Finca Sampaka produces very fine chocolate, a short drive from downtown Malabo.

In a bid to diversify its economy away from declining oil revenues, Equatorial Guinea has now opened its doors to tourism.

Now is the opportune time to visit, before the hordes arrive!

Location

Malabo, Equatorial Guinea

Equatorial Guinea is situated on the west coast of Central Africa, bordered by Cameroon to the north and Gabon to the east and south.

Its unique location places it just north of the equator, giving the country its name.

A view of the port in Malabo, the capital of Equatorial Guinea.

A view of the port in Malabo, the capital of Equatorial Guinea.

The country consists of a mainland region known as Rio Muni, along with several small offshore islands.

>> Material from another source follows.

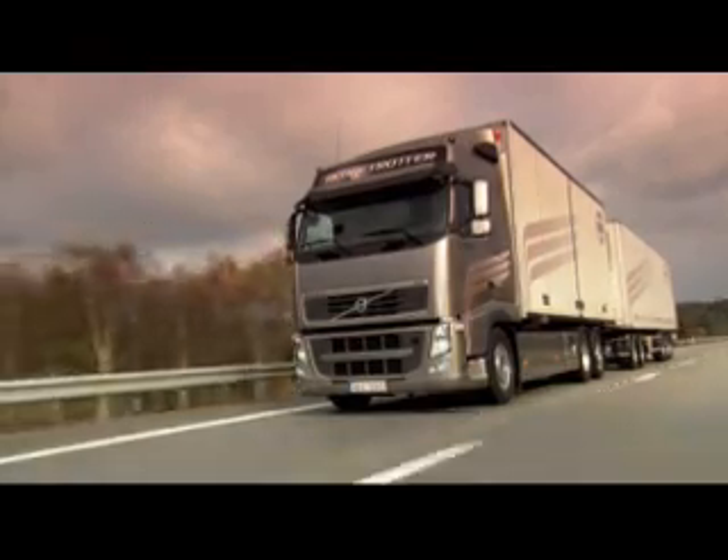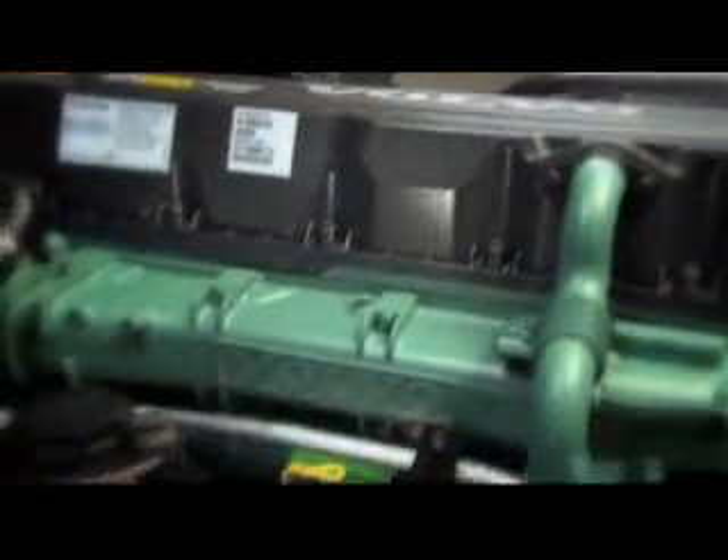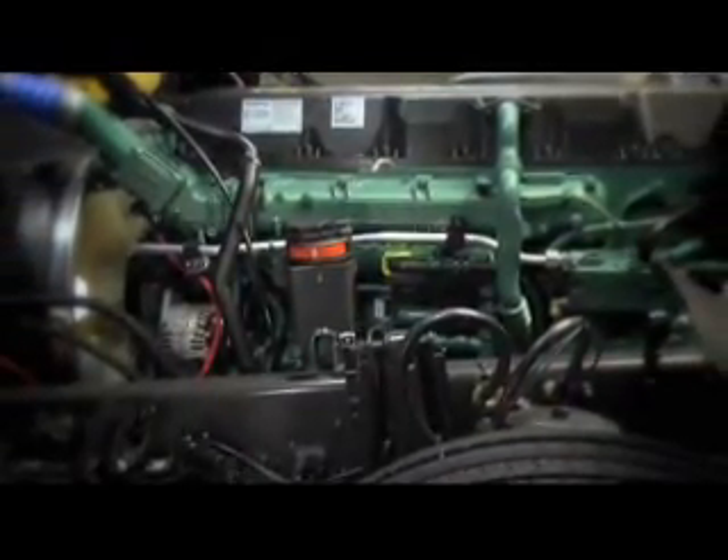The engines have been upgraded, so we have increased the power, we have lowered the fuel consumption — it's up to 3% depending on driving conditions — and of course we have reduced emissions. Focusing on optimised combustion and a new SCR catalyst has made it possible to combine more power with reduced emission levels and lower fuel consumption. The upgrade includes all Volvo Trucks 7, 11 and 13 litre engines, which now also comply with the Euro 5 environmental standard.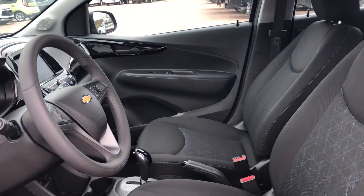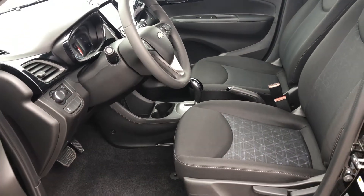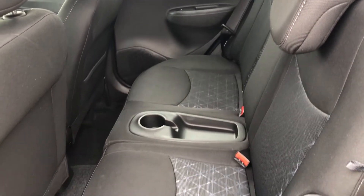The jet black and dark Anderson silver metallic interior has seating for up to four, with high back bucket seats in front and a 60-40 folding bench with center console in the rear.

The largest of these islands is Bioko, also known as Fernando Po, located about 40 kilometres (25 miles) off the coast of Cameroon. Bioko is home to the capital city, Malabo.

One unique geographical feature is that the Equator passes through the country, specifically through the island of Corisco, making Equatorial Guinea one of the few countries in the world to be bisected by this imaginary line.

Overall, Equatorial Guinea’s location provides it with a diverse range of ecosystems, from coastal mangroves to dense rainforests, making it a fascinating destination for those interested in exploring varied landscapes and biodiversity.

People

Artwork at the Equatorial Guinea Cultural Centre in Malabo.

Artwork at the Equatorial Guinea Cultural Centre in Malabo.

The population of this small but culturally rich nation is a mix of different ethnic groups, each contributing to the country’s unique identity.

The country is home to several ethnic groups, with the Fang being the largest. The Fang people primarily inhabit the mainland region of Rio Muni.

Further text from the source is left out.